Unconscious Bias
Our unconscious bias unit traces inequality from the 1860's through today. Specifically, the unit focuses on unconscious bias, and how much of the inequality that lingers in our country isn't the blatant, purposeful racism of the 1960's, but is in fact more subtle, and in some ways, more insidious than that. We'll even engage in a Harvard Study to measure our own unconscious bias, and to help advance the field of inequality research.
Asking a Research Question:
In this, the first week of our inequality unit, we write questions that drive our learning for the rest of the unit. Because it's such a valuable use of our time, we spend the entire week writing, evaluating, refining, and voting on the questions we want to answer. We'll also utilize some reader-response theory to discuss how inequality has affected our lives.
Four-Corner's Discussion
Today, we will use a four-corner's discussion protocol to connect students' lives with the reality of inequality using Reader Response Theory. Basically, students see a statement projected, and walk to one of the four corners of the classroom based on their response.
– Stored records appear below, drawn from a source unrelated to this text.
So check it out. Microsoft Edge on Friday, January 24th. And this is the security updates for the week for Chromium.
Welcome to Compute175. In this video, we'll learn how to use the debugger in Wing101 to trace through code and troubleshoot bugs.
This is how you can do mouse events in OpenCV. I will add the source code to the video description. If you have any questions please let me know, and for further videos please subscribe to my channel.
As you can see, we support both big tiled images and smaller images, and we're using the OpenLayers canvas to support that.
They choose to "strongly agree," "agree," "disagree," or "strongly disagree." All they need to earn credit for the day is respond verbally to justify where they walked.
Gallery Walk
In this lesson, intended to develop schema about inequality, we'll start with a gallery-walk protocol during which students react to images of inequality. (This year responses will be tracked in a Google form to assess text complexity and prevent copying.) We will then utilize a second mix and mingle protocol using sentence strips describing the golden rule to build schema about the universality of equality (in theory) contrasted with the universality of inequality (in reality.
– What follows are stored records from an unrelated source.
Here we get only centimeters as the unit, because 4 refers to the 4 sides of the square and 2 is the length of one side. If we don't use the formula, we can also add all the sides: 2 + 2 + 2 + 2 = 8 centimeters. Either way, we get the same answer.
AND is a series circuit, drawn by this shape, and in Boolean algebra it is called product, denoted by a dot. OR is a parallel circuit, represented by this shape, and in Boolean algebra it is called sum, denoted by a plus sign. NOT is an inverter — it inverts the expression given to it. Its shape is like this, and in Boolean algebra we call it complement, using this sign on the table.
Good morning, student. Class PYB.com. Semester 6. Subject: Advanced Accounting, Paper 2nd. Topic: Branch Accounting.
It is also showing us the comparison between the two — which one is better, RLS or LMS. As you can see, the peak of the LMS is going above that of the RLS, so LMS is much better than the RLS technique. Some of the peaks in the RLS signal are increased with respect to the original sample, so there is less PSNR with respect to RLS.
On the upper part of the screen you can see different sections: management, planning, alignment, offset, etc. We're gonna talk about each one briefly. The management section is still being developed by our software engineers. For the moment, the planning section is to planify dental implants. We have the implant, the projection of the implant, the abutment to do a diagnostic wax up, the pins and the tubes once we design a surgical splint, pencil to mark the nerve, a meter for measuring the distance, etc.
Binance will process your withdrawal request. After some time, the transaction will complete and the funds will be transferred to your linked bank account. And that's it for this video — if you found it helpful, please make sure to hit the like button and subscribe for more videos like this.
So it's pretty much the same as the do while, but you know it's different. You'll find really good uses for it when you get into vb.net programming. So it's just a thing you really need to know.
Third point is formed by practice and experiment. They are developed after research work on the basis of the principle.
NextGen Learning Standards: 8R1, 8R6, 8R7, 8W2, 8W7
Harvard's IAT
During today's lesson, we'll actually take part in advancing the field of inequality in our country by participating in a study that over five million people have already taken. It's an amazing survey that uses simple words and images to figure out how your brain works before you have the chance to think and process your answer. While we'll start with some explanations of how the survey works, and what some of the demographic questions mean, largely, students are engaging with the test itself.
Asking a Research Question
During this lesson, students will start by examining the word cloud generated by our image analysis. They'll start with a group-based "observe and infer" protocol to essentially do a modified close read of the word cloud itself to build understanding. After sharing and clarifying their understanding of the cloud itself, students will work with their groups to write ten open-ended questions about inequality based on the word cloud. They'll use our inquiry-based learning sentence frames to help. Once they have written ten questions, they'll choose their three best based on our Quality Question Criteria. We'll then perform a hosted gallery walk where one group member will get feedback from the other groups. At this point, groups will winnow down their three top questions to the one best question based on their peer's feedback, and they'll turn in their top question.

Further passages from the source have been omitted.